Don't let the bastards grind you down.

|
May 3 2017, 4:00am

The wallpaper in the Waterford's dining room is patterned like a bird in a tree. The repeat is so close, however, that the branch beneath one bird crowds the sky of the next, a loose hexagon of leaves. A prison, over and over. The pattern on the bedroom walls is a hexagon of seafoam green and white. The ceiling of Serena Joy's parlor is a hexagon of greened-out turquoise. Everything is tidy and closed in. There's no way out.

The Handmaid's Tale is immersive. The details build an oppressive whole without us really noticing, shaping the way we interact with this world. Everything already feels like it's pressing on us; now, small things feel frantic, illicit, wrong. In the flashbacks, episode director Mike Barker makes sure we can't quite tell what the soldiers are burning—it's important, and it's vanishing, and that's it. The man casually chipping the station name off the platform feels like a bigger betrayal than the soldiers patrolling the streets. In its darkest moments, the score's threaded with the sound of a finger on the rim of a glass. When Offred holds the dictionary a moment too long, it feels vicious; we half-expect her to eat it.

It's also immersive because it's so eerily timely. In other years, I might have wondered about the murkiness of this timeline, the nightmarish telescope that makes a few years feel like a hundred. This year, I don't doubt it. Whoever carved "Nolite Te Bastardes Carborundorum" in the closet might as well have been there a hundred years ago, when things were still as unbearable as this. And for Offred, things really do get unbearable this episode—after two weeks locked in with the windows covered, she's losing her grip.

George Kraychyk/Hulu

Elisabeth Moss's outstanding performance practically burns through the frame, and her wordless agony makes several scenes almost impossibly miserable to watch. (The women discovering that Handmaids will be succumbing to rape feels as if it lasts 20 minutes; the Ceremony that's abandoned because the Commander can't get it up feels like it lasts 20 years.) She's spring-loaded with tension, and we're primed for her to blow up.

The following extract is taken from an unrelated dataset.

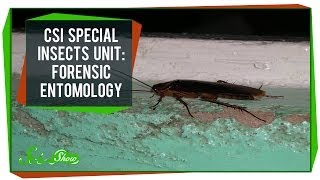 CSI Special Insects Unit Forensic Entomology [upl. by Denyse]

It's frightening—startling, somehow—to watch her break down instead, as if we could ignore the crushing hopelessness of her position only so long as she could. The battle about whether to take Nick's offered hand or keep that glimmer of autonomy becomes impossibly heavy. That Scrabble game becomes a matter of life and death.

That Scrabble game also shows the ways Handmaid's Tale is stretching into the space allotted. We're settling in for the long haul; we have episodic themes, now. Now Moira scrawls a tiny insult on the bathroom wall as June warns her, "If they catch you writing, you'll lose a hand. It's not worth it." "Yeah, it is," Moira replies and explains (a bit on the nose, maybe) that it's not for her sake, but for the sake of the women who come after her. It's Moira's escape that inspires Offred to face the Commander. It's the Offred before her who provides the leverage she needs; she has so little to fight with, but if her life is an ultimatum now, then she'll use it.

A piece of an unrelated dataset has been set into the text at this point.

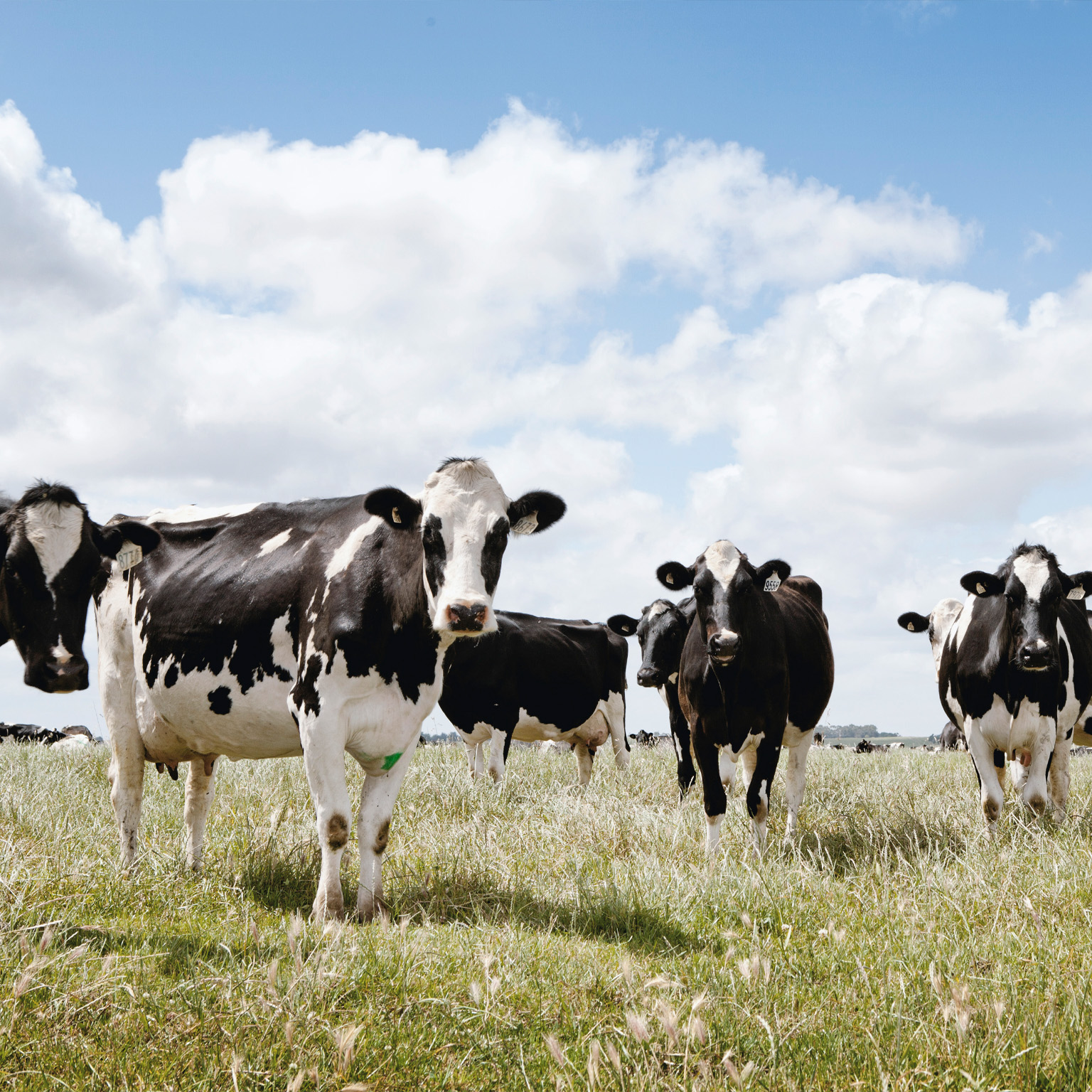 How the COVID-19 pandemic has changed dairy preferences among US consumers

Perhaps because everything else has been so finely calibrated, the episode's closing moments feel a little off; even in the stylized world of Offred's mind, lining up the Handmaids like willing soldiers and marching them toward the camera reads slightly on the nose, like it's staged mostly to soothe our feelings—an optimistic cap to a grueling episode, a promise that she has her fight back and things will be different now.

But the Handmaids' wordless offerings of food are a reminder that even though this world is designed to convince you there's no way out, their prisons still touch. Despite all attempts to isolate the Handmaids from the world and one another, a connection remains. Everything in this world is frantic and wrong, tidy and closed in, but whatever hope is left, that invisible space is where it lives.

Before We Go:

  • "Nolite Te Bastardes Carborundorum" is the novel's rallying cry. You will never convince me adding "bitches" at the end does anything for it.
  • In the first recap I mentioned the show had deviated from the book's white Christian future and wondered how it would address the change. Bruce Miller has since spoken about it. I understand good intentions but am still a little wary of the idea that right-wingers would drop white supremacy when the going got tough. They never have before.
  • We already know the Ceremony excerpt isn't very long; it could easily be memorized. The Scripture gets read out loud to remind everyone men can still read.
  • I would watch four movies of Samira Wiley as a begrudging undercover agent.
  • Given the audacity of that escape, I'm mildly surprised Offred still has all her body parts.
  • "Well, fainting isn't uncommon on Ceremony nights." There's a fascinating divide in so many interactions, where Offred can't even take cold comfort in being surrounded by true believers because people keep dropping the act and treating her like a person—not enough of a person to help but enough of a person to ask things of.
  • We're getting hints of a wider world now – just hints, because the show is rationing our information as a meta parallel to Offred. Currently, the UN has an embargo against Gilead, Canada has a working press, and Mexico's coming to visit.